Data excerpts
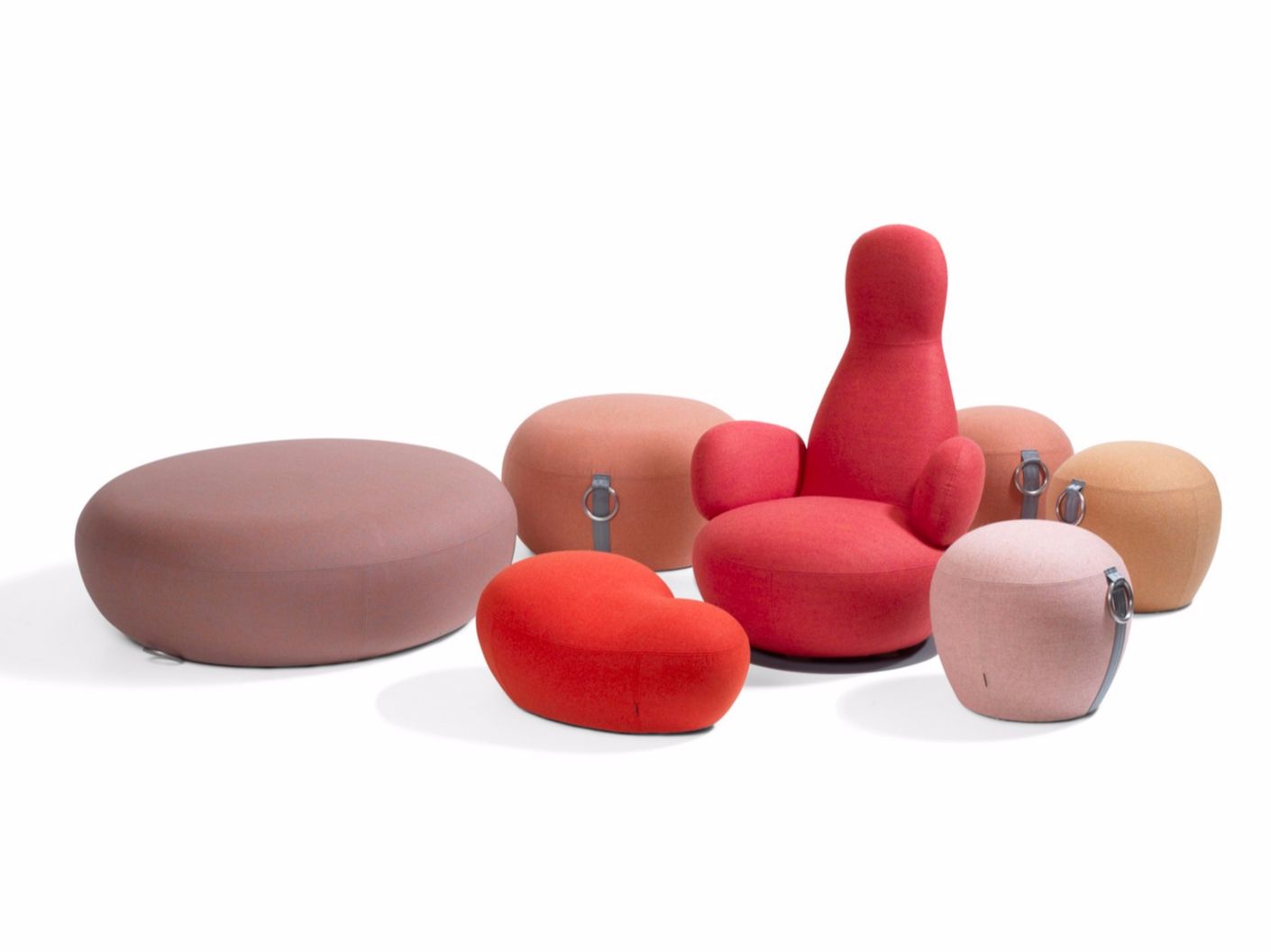 Ткань пуф Bla Station PUCCA 0543 ARCH-00081368 - Вид №7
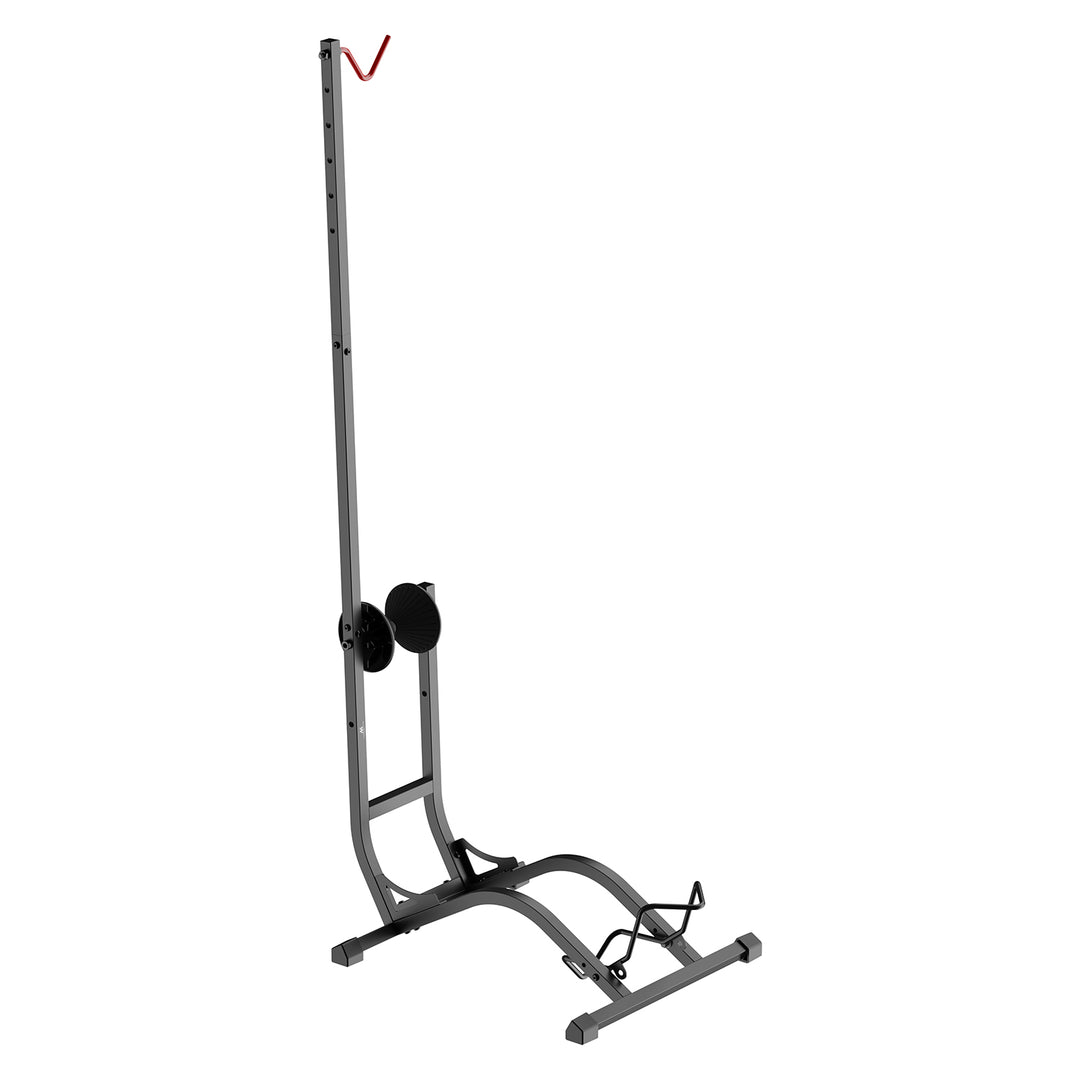 Maclean cykelställ, fristående, horisontellt/vertikalt, för förvaring, stål, max. belastning 35 kg, MC-170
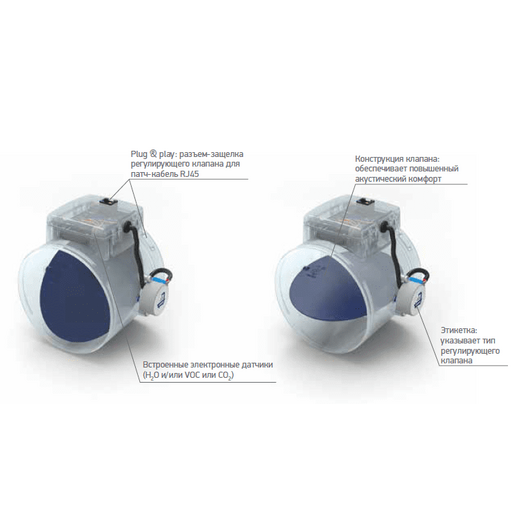 Комплект адаптивной вентиляции с HEALTHBOX 3.0 кирпичный, изображение 6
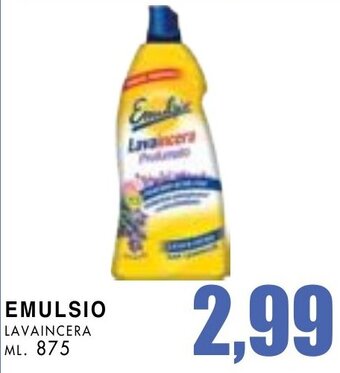 La Mimosa Supermercati EMULSIO LAVAINCERA ML. 875 offerta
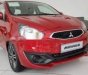 Mitsubishi Mirage 1.2L - 5MT 2019 - Bán xe Mitsubishi Mirage 1.2L - 5MT đời 2019, màu đỏ, nhập khẩu nguyên chiếc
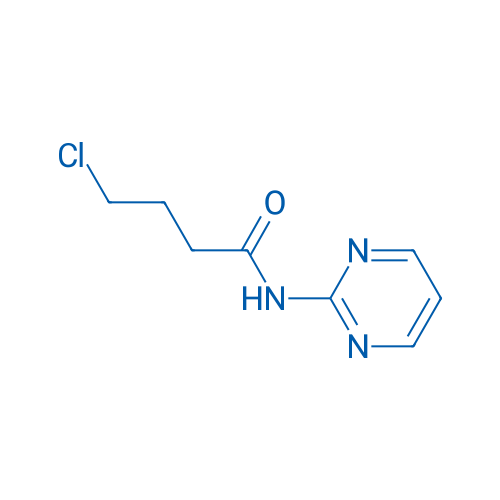 4-Chloro-N-(pyrimidin-2-yl)butanamide 25g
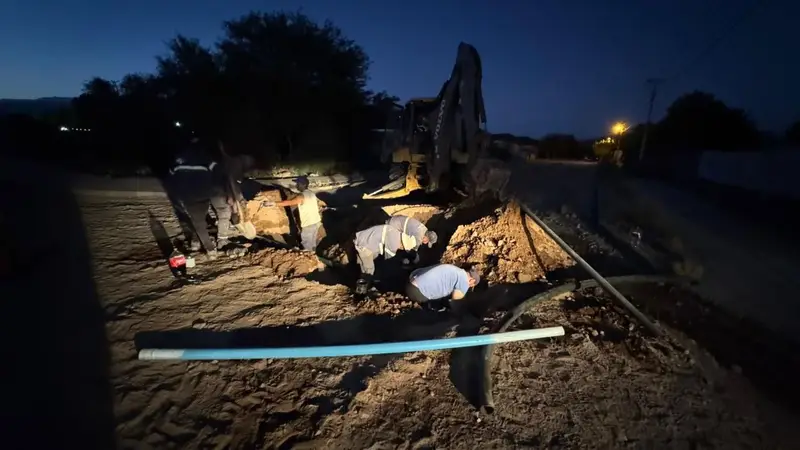 La Rioja avanza con su plan de obras hídricas y anunció el final de la construcción de un importante acueducto en la provincia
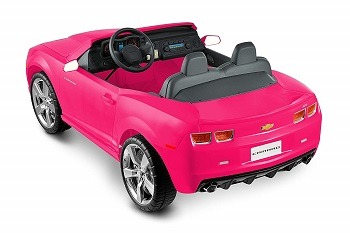 National Products Pink Camaro Power Wheels review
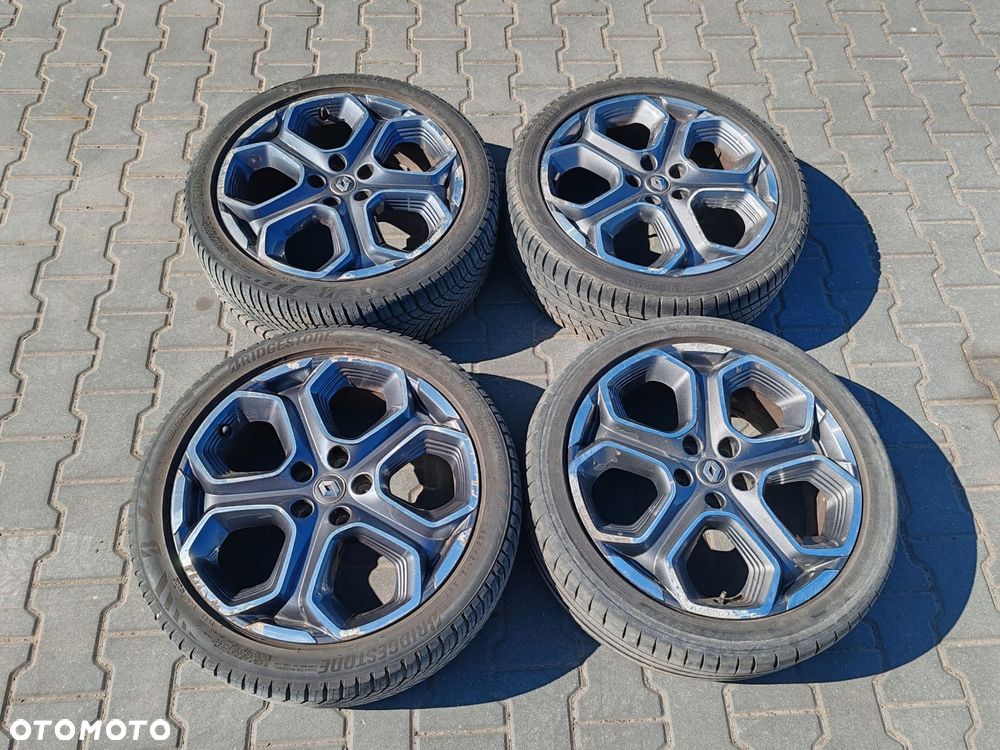 felgi aluminiowe koła 19 5x114.3 403007598r renault kadjar 15- - 2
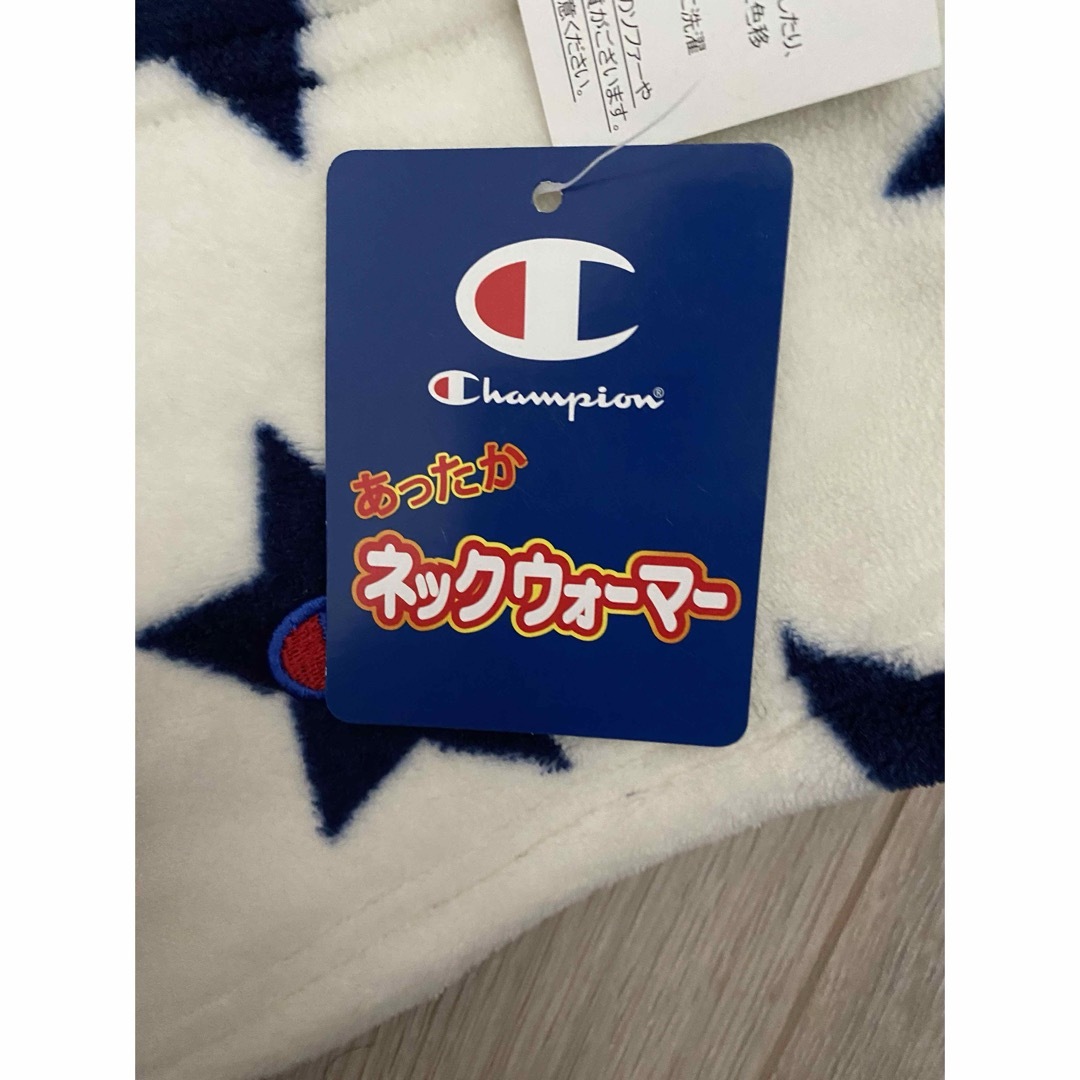 Champion(チャンピオン)のチャンピオン　ネックウォーマー　80-100 キッズ/ベビー/マタニティのこども用ファッション小物(マフラー/ストール)の商品写真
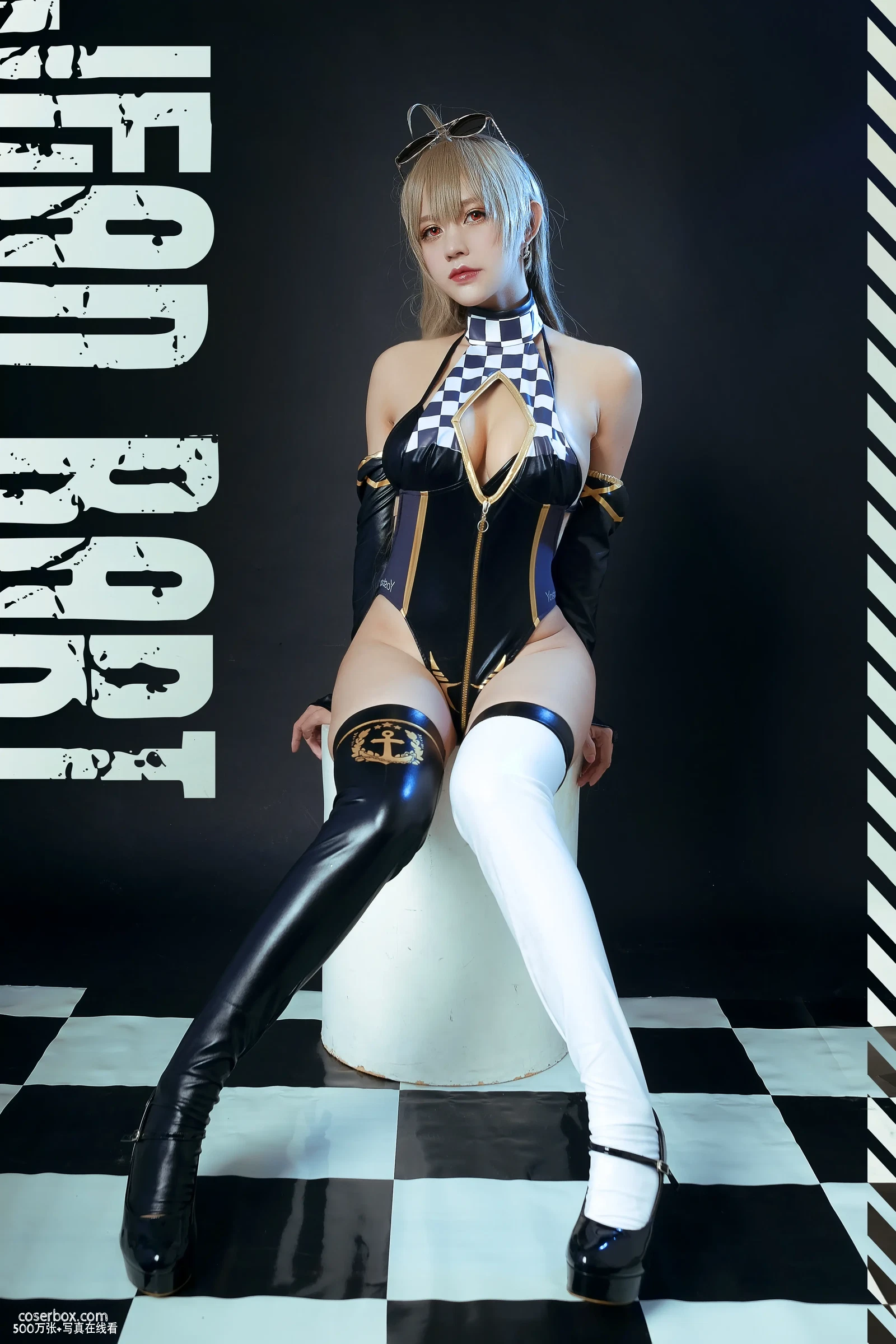 PingPing NO.012 Jean Bart Race Queen [40P 139.49MB] - 在线看可下载原图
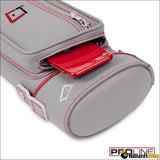 Cuetec Pro Line 2x4 2 Gray Butt 4 Shaft Hard Pool Cue Case 95-752 - Billiards King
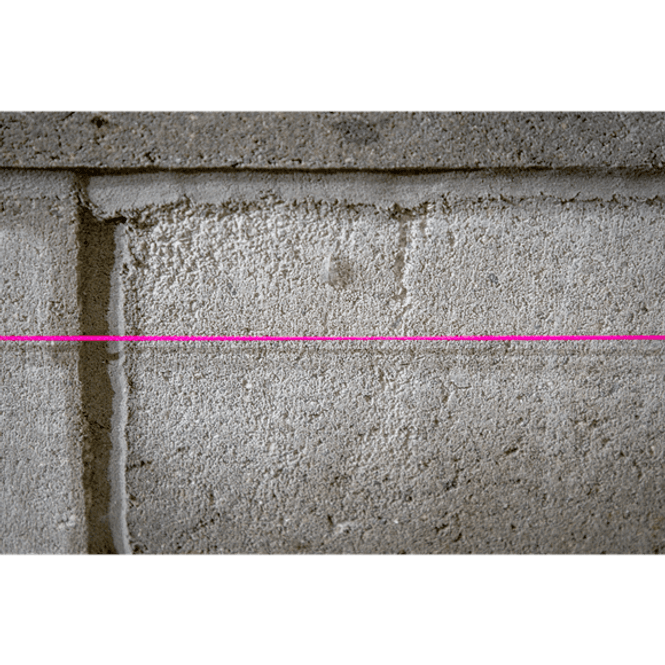 Hovedbilde Rettesnor rosa nylon snøre 76m BLP1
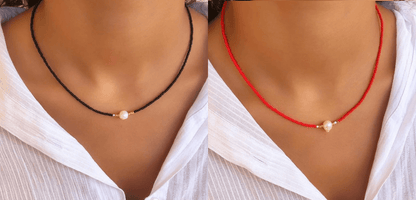 Natuurlijke Parel Ketting Elegante Accessoire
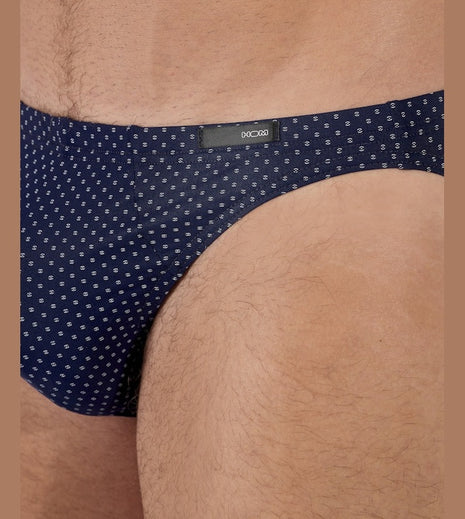 Hom slip comfort micro briefs max navy heren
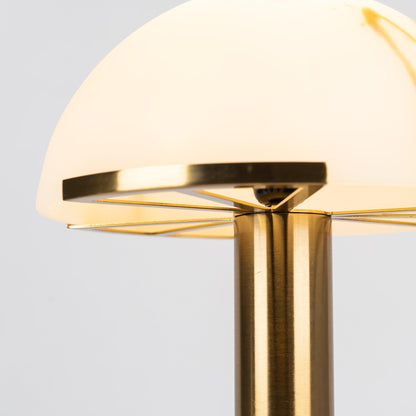 Elowen - Brass Alabaster Table Lamp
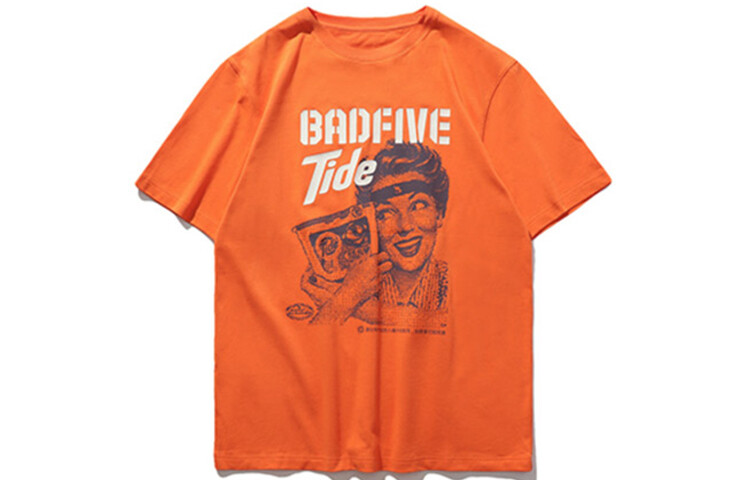 

Tide X BADFIVE футболка мужская Lining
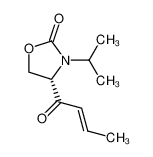 90719-30-5 (4S)-N-巴豆酰基-4-异丙基-2-恶唑烷酮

WORK INSTRUCTION: Leave out any pictures, please, and quote only the lines from the top of the data through the line that contains "La Mimosa Supermercati".

TASK OUTPUT:
 Ткань пуф Bla Station PUCCA 0543 ARCH-00081368 - Вид №7
 Maclean cykelställ, fristående, horisontellt/vertikalt, för förvaring, stål, max. belastning 35 kg, MC-170
 Комплект адаптивной вентиляции с HEALTHBOX 3.0 кирпичный, изображение 6
 La Mimosa Supermercati EMULSIO LAVAINCERA ML. 875 offerta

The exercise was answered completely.